Corporate tax is paid by businesses, not individuals. It includes Free Zone entities, mainland companies, and multinational corporations.
Value Added Tax (VAT):
An indirect tax is applied to the consumption of goods and services. It is calculated at each stage of production or distribution, with the tax being passed on to the consumer.
VAT provides governments with a steady flow of income by taxing the value added to products or services at each production stage.
The VAT rate in the UAE is currently set at 5%, introduced in 2018.
Businesses collect VAT from customers and pay it to the government. Consumers bear the final cost, but companies handle the collection and remittance.
Key Differences:
- Corporate tax is direct (on profits), and VAT is indirect (on consumption).
- Corporate tax is paid by businesses on their profits, VAT is paid by consumers, but collected by businesses.
- Corporate tax is calculated on profit; VAT is calculated on the value added to goods or services.
Deadline for Corporate Tax Registration in the UAE
The UAE introduced a corporate tax system effective from June 1, 2023. All businesses that meet the threshold requirements must register for corporate tax.

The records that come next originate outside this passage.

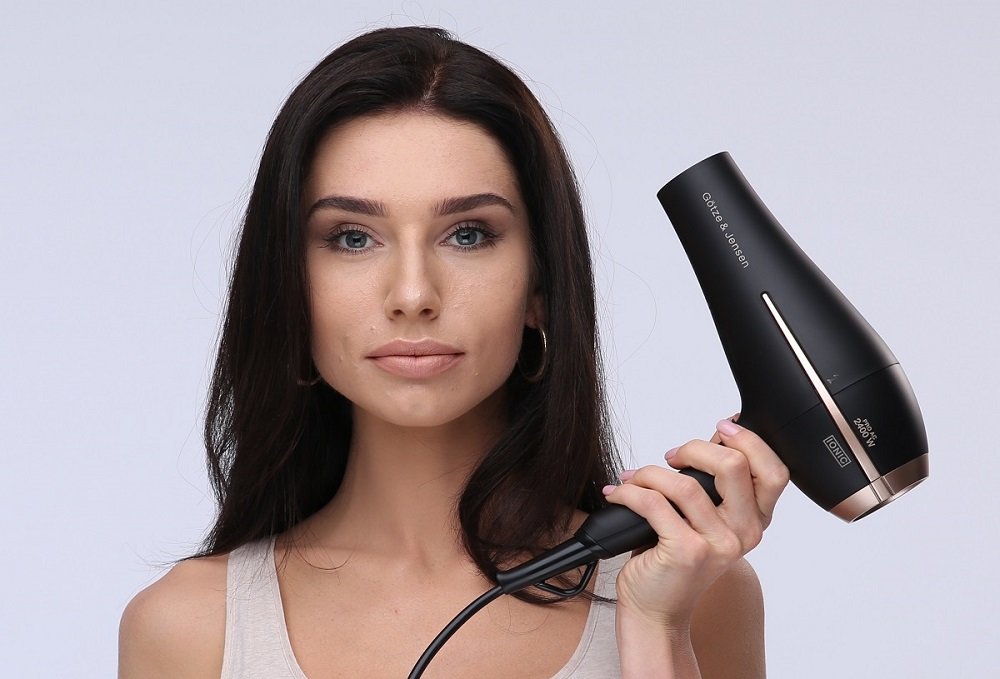 Suszarka-GOTZE-JENSEN-HD900PRO silnik AC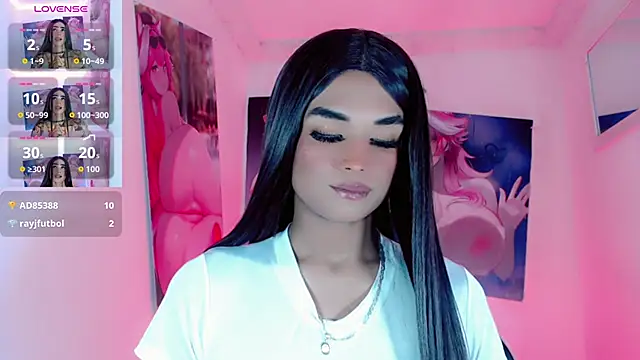 Snapshot of Alisson_Secrett_ chatting on 6, 4, 2026 Alisson Secrett online show from 6, 4, 2026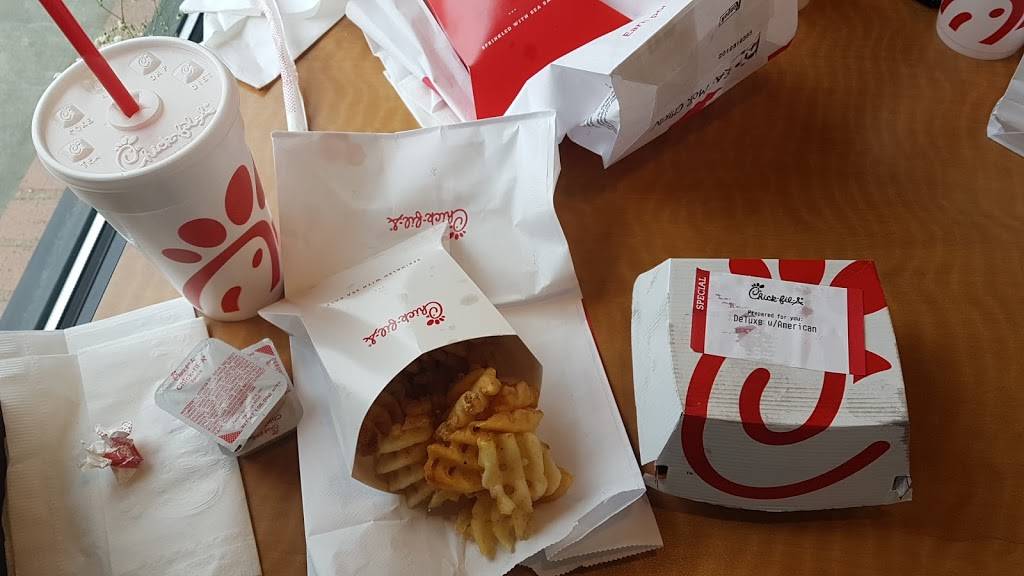 Chick-fil-A | restaurant | 6051 Sawmill Rd, Dublin, OH 43017, USA | 6147179404 OR +1 614-717-9404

Corporate Tax Registration Deadline:
Mandatory Registration Date: Businesses are required to register for corporate tax based on the start of their first financial year starting from or after June 1, 2023.
Who Should Register: All businesses generating more than AED 375,000 in annual profits must register for corporate tax.
Compliance: Failure to register within the stipulated time frame can result in penalties, including fines and restrictions on business activities.
Steps for Registration:
- Create an account on the Federal Tax Authority (FTA) website.
- Provide required details, including financial and business information.
- Submit the registration form and wait for approval.
What is a Natural Person in UAE Corporate Tax?
In the context of UAE corporate tax, the term natural person refers to individuals (as opposed to legal entities like corporations) who may be subject to corporate tax on certain activities.
Detailed Explanation:
A natural person is an individual human being (not a corporation or business entity) who may engage in economic activities, such as freelancing, self-employment, or owning sole proprietorships.
Corporate Tax Applicability:
Corporate Tax on Individuals: Although the UAE corporate tax primarily targets businesses, natural persons may also be liable for corporate tax if they engage in commercial activities that generate income above the set threshold (AED 375,000 annually).
Exemptions for Individuals: Not all individuals are subject to corporate tax. Salary income, dividends, and other personal income sources (unrelated to business activity) remain exempt from corporate tax.
When is a Natural Person Taxable: If a natural person conducts a business or commercial activity, such as running a sole proprietorship or earning income from freelancing, they may be liable to corporate tax if their income exceeds the threshold.
Business Activities of Natural Persons:
Freelancers, consultants, and small business owners who operate under a trade license or conduct economic activities are classified as natural persons under corporate tax law.
A freelance web developer earning more than AED 375,000 annually will be subject to corporate tax on the profits made from their business activities.
Exemptions for Natural Persons:
Salaries and Personal Income: Salaried individuals or those with personal investments are not subject to corporate tax.
Passive Income: Income from real estate held in a personal capacity, dividends from shares, and savings do not fall under corporate tax.
Corporate tax and VAT are essential revenue streams for the UAE government, yet they apply differently based on the nature of the activity. VAT impacts consumption, while corporate tax is a profit-based tax primarily targeting businesses. For natural persons, corporate tax may apply if they are conducting business activities above the threshold.